DOT Releases New Edition of EV Toolkit for Urban Areas
July 12, 2023
The U.S. Department of Transportation (DOT), in collaboration with the U.S. Department of Energy (DOE) and the Joint Office of Energy and Transportation (Joint Office), released a free technical resource to help larger communities take full advantage of federal funding for electric vehicle (EV) charging stations and other forms of electric transportation.
The new guide is called Charging Forward: A Toolkit for Planning and funding Urban Electric Mobility Infrastructure, which provides a comprehensive resource for communities, metropolitan planning organizations (MPOs), transportation providers, businesses, and property owners and developers by including information on how to scope, plan, and identify ways to leverage billions of dollars in funding from President Biden’s Bipartisan Infrastructure Law. This builds on the efforts of the Joint Office to provide states and communities across America with information and assistance to accelerate an electrified transportation system that is convenient, affordable, reliable, and equitable. The toolkit includes guidance to help urban areas implement other forms of electric transportation, such as public transit, electric bikes and scooters, and ride-share services.
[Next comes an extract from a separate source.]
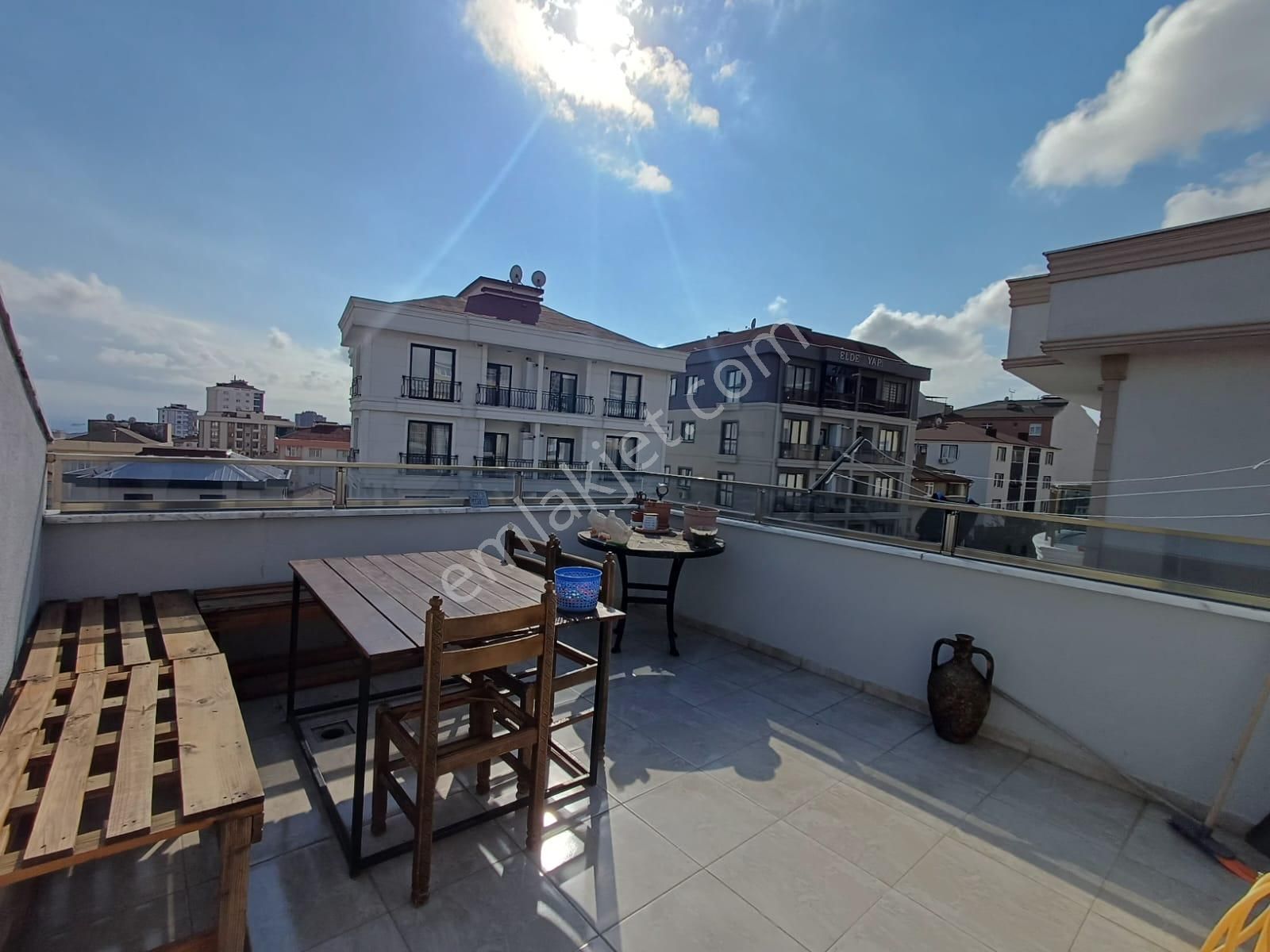 Mertcan Dan Adnan Kahveci Cad Yürüme 4+2 Ebeveyn Banyolu - Teraslı Dubleks - Görsel 32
“Right now, there is incredible energy and momentum in communities across this country to transform and electrify our transportation system to ensure that every American has access to convenient, affordable, and reliable mobility options,” said Gabe Klein, executive director of the Joint Office of Energy and Transportation. “The Urban EV Toolkit is the recipe for a multimodal, connected, clean transportation system in our cities and towns to complement the newly updated Rural EV Toolkit. Whether you choose to ride, drive, or walk in your community, the benefits of electrified transportation are baked in.”
Building an affordable and accessible public charging network will help make electric forms of transportation more convenient for the 71% of Americans who live in communities with a population over 50,000. While many EV owners can charge their vehicles at home or work, people who live in higher density areas, especially those living in apartments and condos, may not have easy access to a garage or the space for a private charger, which means they are more reliant on public charging options.
In May, DOT released an updated Rural EV Toolkit that incorporated feedback from rural communities and stakeholders on the toolkit’s first iteration. The updated toolkit includes more information on EV charging programs and information on related topics like public transit and school bus electrification.